En estas fechas en que el aire fresco del estallido popular de indignación florece por plazas y barrios, el descoloque ante tal fenómeno (del que nos parece que hay mucho que aprender, reaprender, cuestionarse y observar atentamente), a Gasteizkoak nos dificulta abordar la reflexión que HIKA nos solicita sobre los 10 años del final de la “mili”, pues nos provoca una sensación de “abuelos cebolletas” al retomar extemporáneamente nuestras batallitas sobre “historias de la puta mili”. Aún así, intentemos afrontar el reto, dedicando este análisis principalmente a esa gente que ha ocupado las plazas y que, en su gran mayoría, afortunadamente, no ha conocido el servicio militar obligatorio. ¿O sí?

Son ya 10 los años transcurridos desde que oficialmente se acabó la “mili”. Ello fue posible gracias a tres décadas de cuestionamiento por parte del movimiento antimilitarista, (en un muy meritorio trabajo), más un militarismo en mudanza que comenzaba a abogar por el final del modelo de conscripción para apostar por el del ejército profesional.

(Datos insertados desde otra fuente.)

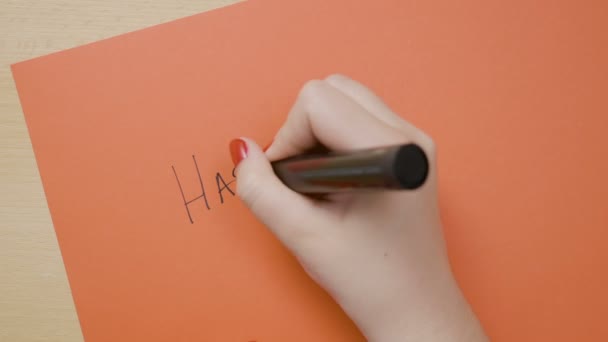 Jovens mãos femininas escrevendo feliz ano novo em papel vermelho com marcador preto — Vídeo de Stock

A 10 años vista, y teniendo en cuenta que el propio militarismo no veía con malos ojos el final de la “mili”, cabe plantearse una cuestión en principio un tanto absurda: ¿verdaderamente se consiguió acabar con la “mili”? Parece que las evidencias empujan a afirmar que sí sin atisbo de duda: en el Estado español ninguna persona es obligada hoy en día a cumplir un servicio militar. Pero igual conviene rascar un poco más en el asunto para, como ya en aquel entonces se denunciaba desde el antimilitarismo, ver si desde las estructuras de Poder que dirigen el (des)orden mundial, más allá de un mero cambio de modelo de ejército, lo que se estaban adoptando era una nueva forma de “disciplinar a las masas, especialmente a la juventud, inculcándoles una serie de valores, comportamientos y expectativas vitales 1” que les conviertan en la mejor garantía de sustentación y continuación de ese (des)orden mundial que a los grandes poderes económicos, financieros y políticos les interesa mantener.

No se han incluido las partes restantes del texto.